Plastic Fantastic Living - Page 7

Disneyland's spectacular 'Monsanto House of the Future' combined science, showmanship and dreams

Eichler’s X-100 Was on Its Own Futuristic Mission


Plastic Fantastic Living
Plastic Fantastic Living
Plastic Fantastic Living
Three photos of Eichler's X-100 from late 1956: interior gardens and living room area (above), front door entry (middle), and its stunning kitchen with dining table that slides open for at-the-table cooking (top).

It’s made of steel, not plastic, and it was built in San Mateo Highlands—not Disneyland.

But Joe Eichler’s X-100 ‘experimental research house’ from 1956 was on the same mission as Monsanto’s House of the Future.

Its goal was “testing new design concepts, new materials, and new techniques of construction,” as Eichler’s brochure proclaimed, while accomplishing the more prosaic chore of marketing the company’s everyday wares.

“The idea of the X-100 was mine, and it was done for promotion” of homes in the Highlands subdivision, Ned Eichler, Joe’s son and the firm’s marketing manager, said in a 2008 interview.

The X-100 was designed by architect A. Quincy Jones, who clearly saw steel as more than a gimmick. He had earlier designed a steel house for himself in Los Angeles.

The X-100 reflects a gentler future than the Monsanto House. It’s not nearly so strange. Unlike the House of the Future, the kitchen of the X-100 does not propose the use of gamma radiation.

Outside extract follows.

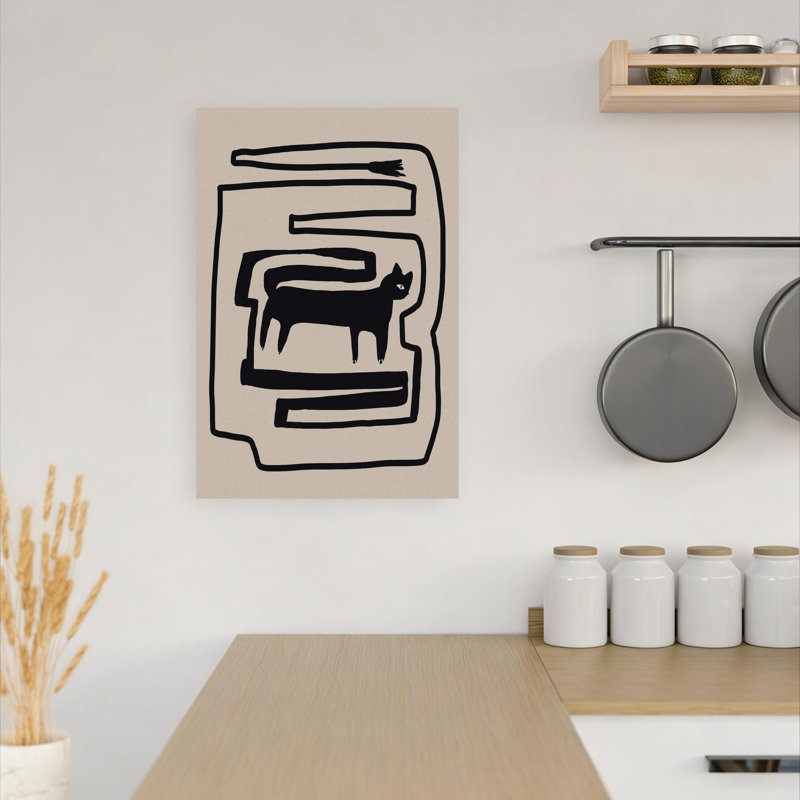 Art mural moderne chat noir labyrinthe minimaliste, H 18 po x l 12 po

But there are marvels galore in the X-100, including a hygienic-white dining table that slid open to reveal burners for cooking or keeping food warm while dining; movable track lighting, unusual for the time; walls treated with plastic for easy cleanup; compact, paired bathrooms with a sunken tub; and a master bedroom separated from living areas by a motorized curtain.

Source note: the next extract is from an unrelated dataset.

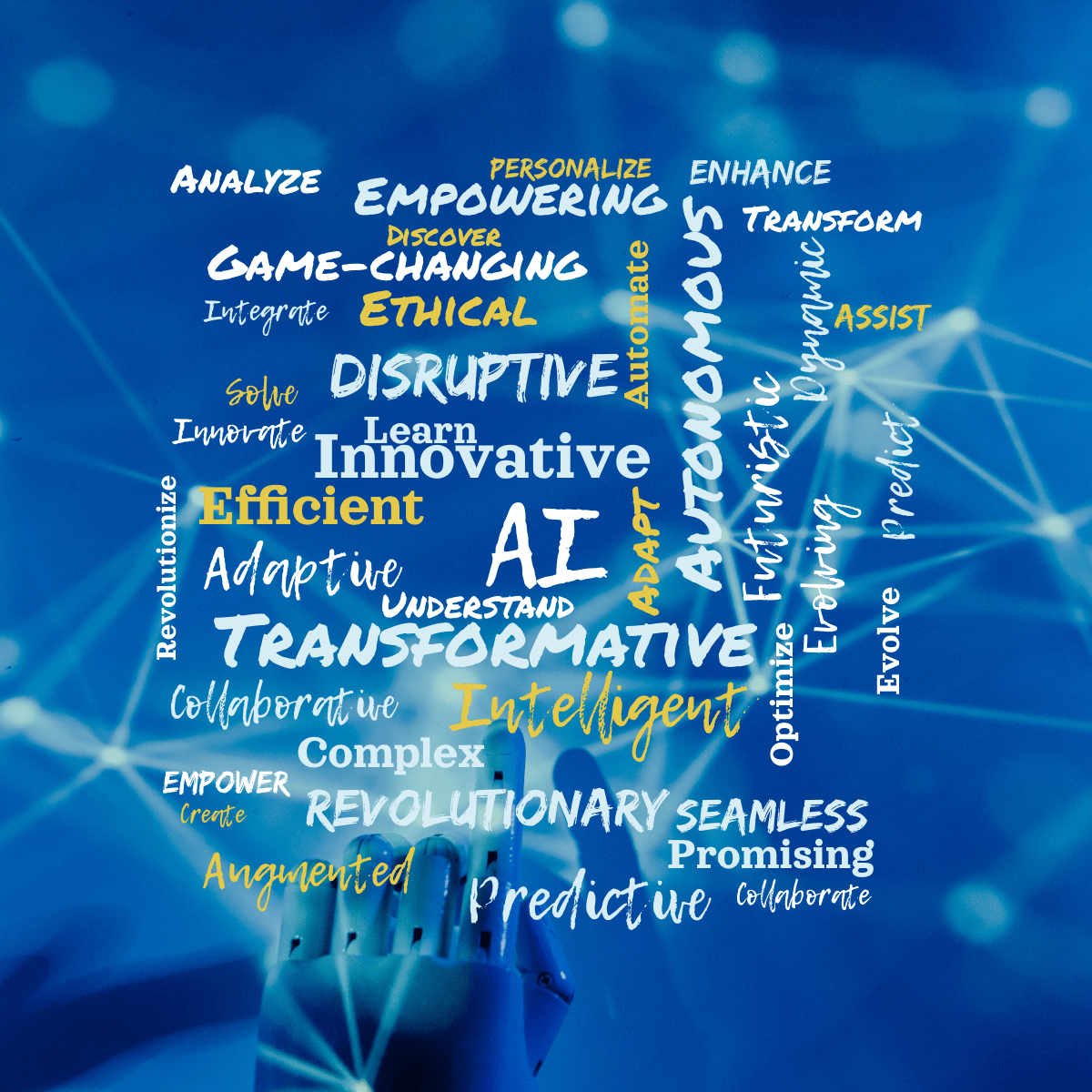 Word cloud with 41 words like AI, Innovative and Transformative in white, yellow and blue.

The name of the house may have evoked an experimental spacecraft, but there is nothing flying saucer-like about the X-100. In fact, in many ways, the future foreseen by the X-100 looks much like the mid-century present that Eichler was already building.

The structure and ceiling of the X-100 may be steel, but its interior walls are covered with Eichler-like wood paneling. The home also has Eichler’s trademark indoor-outdoor flow, enhanced through indoor ‘living gardens’ illuminated by plastic ‘skydomes.’

By contrast, despite walls of glass, the House of the Future isolated inhabitants from the landscape by arranging the living areas on a pedestal high above the ground.

Although Eichler concluded steel construction was too expensive for building tract homes, the X-100, its nomination pending for the National Register of Historic Places, remains occupied today—and fits nicely into its neighborhood of less futuristic Eichlers.

That’s another contrast with the Monsanto house. As architect Ernie Kirwan, who worked on the House of the Future’s design, says, “I don’t think a neighborhood of Monsanto shapes would have a lovely look.”